Could you copy, word for word, only the lines from the one containing "MERCEDES A1697300279 в наличии Житомир" through the last line of the records below, both included?

══ DATA EXTRACTS ══

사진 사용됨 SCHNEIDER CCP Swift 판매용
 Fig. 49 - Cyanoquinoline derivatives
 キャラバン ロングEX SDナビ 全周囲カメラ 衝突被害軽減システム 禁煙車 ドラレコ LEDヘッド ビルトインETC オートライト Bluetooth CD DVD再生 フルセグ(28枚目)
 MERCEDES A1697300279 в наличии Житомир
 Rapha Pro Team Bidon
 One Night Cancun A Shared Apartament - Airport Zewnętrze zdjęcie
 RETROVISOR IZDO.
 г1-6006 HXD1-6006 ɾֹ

═══

● RESULT BELOW:
 MERCEDES A1697300279 в наличии Житомир
 Rapha Pro Team Bidon
 One Night Cancun A Shared Apartament - Airport Zewnętrze zdjęcie
 RETROVISOR IZDO.
 г1-6006 HXD1-6006 ɾֹ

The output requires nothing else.